Приехав в Баку, 19 июля Киров присутствовал на заседании Политбюро, а 20 июля на совместном заседании Политбюро и Оргбюро ЦК АКП. Впрочем, ни то ни другое ничего не решили за неявкой Левона Мирзояна.
Новый лидер «бакинцев» пришел 24 июля и во время обсуждения даты созыва очередного пленума произнес: «Созыв пленума необходим… ЦК не руководит и не влияет на работу… в самом ЦК неизвестно, кто секретарь. В настоящее время там четыре секретаря… Помимо этого имеется ряд важных экономических вопросов, которыми ЦК сейчас не занимается…» Прямой выпад против Г.Н. Каминского, верного сторонника Нариманова, спровоцировал спор о персональных достоинствах секретаря ЦК. Мирзояна поддержали Джабиев, Егоров и наркоминдел Гусейнов, в один голос подтвердившие: «Присутствие Каминского мешает работе. Если Каминского не будет, работу можно будет наладить». Вступился за Григория Наумовича один Нариманов. Впрочем, Каминский в раздражении выразил готовность «в течении 10 часов» покинуть Баку, будь на то воля ЦК.

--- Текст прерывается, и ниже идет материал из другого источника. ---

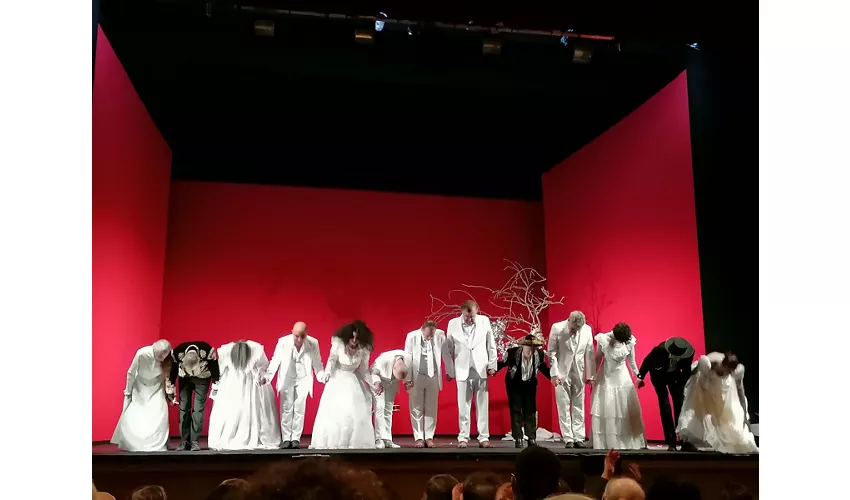 Teatro Asioli - Correggio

В разгар возникшей перепалки Нариманов вдруг произнес:
– Давайте прекратим дальнейшие прения… Предлагаю товарищу Кирову принять завтра же дела ЦК, а товарищ Каминский займется работой в Совете.

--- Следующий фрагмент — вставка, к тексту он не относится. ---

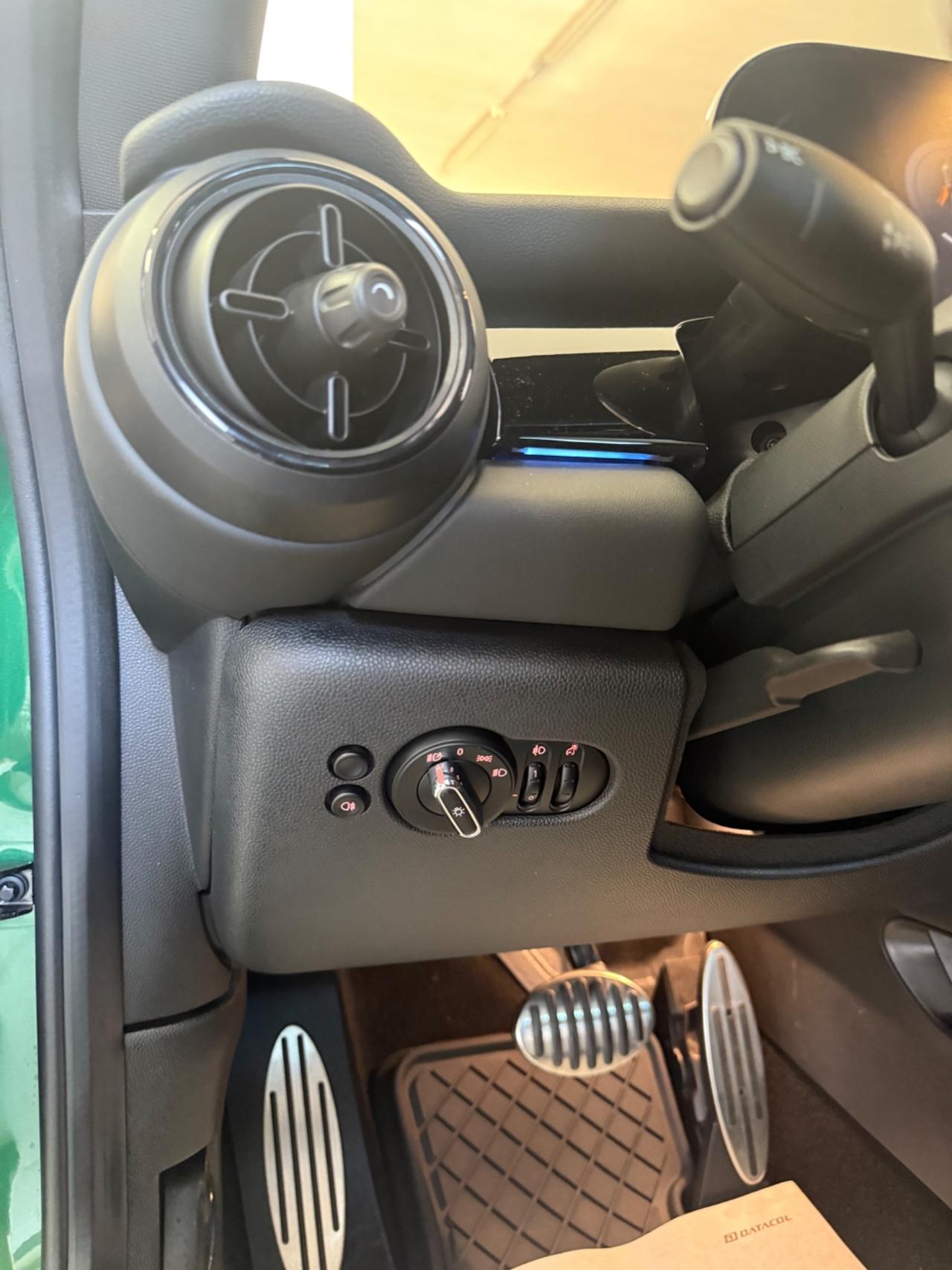 Mini 2.0 John Cooper Works JCW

Сергей Миронович сориентировался в ситуации мгновенно. Это – проверка! И не заглотнул наживку.
– После того, что я услышал на этом заседании, не считаю возможным для себя принять дела ЦК. И даже если будет постановление ЦК, считаю возможным не подчиняться этому постановлению. В конце концов, я нахожусь в распоряжении Кавбюро ЦК.
– А если это будет постановление Кавбюро?
– Кавбюро может это постановление пересмотреть!
И тут, словно по сигналу, Каминский заявил: «С завтрашнего дня я прекращаю работу в ЦК». За ним тотчас в отставку подала и заместитель секретаря Виктория Цейтлин, после чего слово вновь взял Нариманов:
– Предлагаю просить товарища Кирова ввиду создавшегося положения дела ЦК принять.
Руки подняли все члены Политбюро и Оргбюро, единогласно[211]. В тот же вечер по Юзу наш герой поведал Орджоникидзе:
Протоколы заседания Политбюро и Оргбюро ЦК АКП, 24 и 26 июля 1921 г. [РГАСПИ]
«Сегодня… по случайному поводу, а именно по вопросу о созыве пленума, началась невероятная склока, продолжавшаяся часа три. Обе стороны выговорились до конца. Бакинцы устами Гусейнова поставили вопрос о Каминском, видя в нём главного виновника склоки… Если бы вопрос голосовать, то большинство было бы за бакинцами. Нариманов заявил, что… вопрос стоит, по его мнению, так – или он, или Гусейнов, и что только съезд может разрешить этот спор. 15 августа решено созвать пленум. Конечно, пленум мало поможет делу»[212].
Это – все. О главном, о своем избрании секретарем, Киров умолчал… А уже через день, 26 июля 1921 года, он впервые вел в качестве председателя заседание, опять совместное, обеих коллегий ЦК АКП.
Судя по кировской телеграмме, Нариманова вынудили пригласить посредника из Москвы Кирова в секретари ЦК АКП. Позиция Мирзы Гусейнова оказалась решающей и, похоже, неожиданной для главы республики. Именно она пошатнула наримановское большинство на заседании, а отчаянная попытка вождя Азербайджана выставить «гостя» заурядным карьеристом, чтобы повлиять на мнение колеблющихся, успехом не увенчалась.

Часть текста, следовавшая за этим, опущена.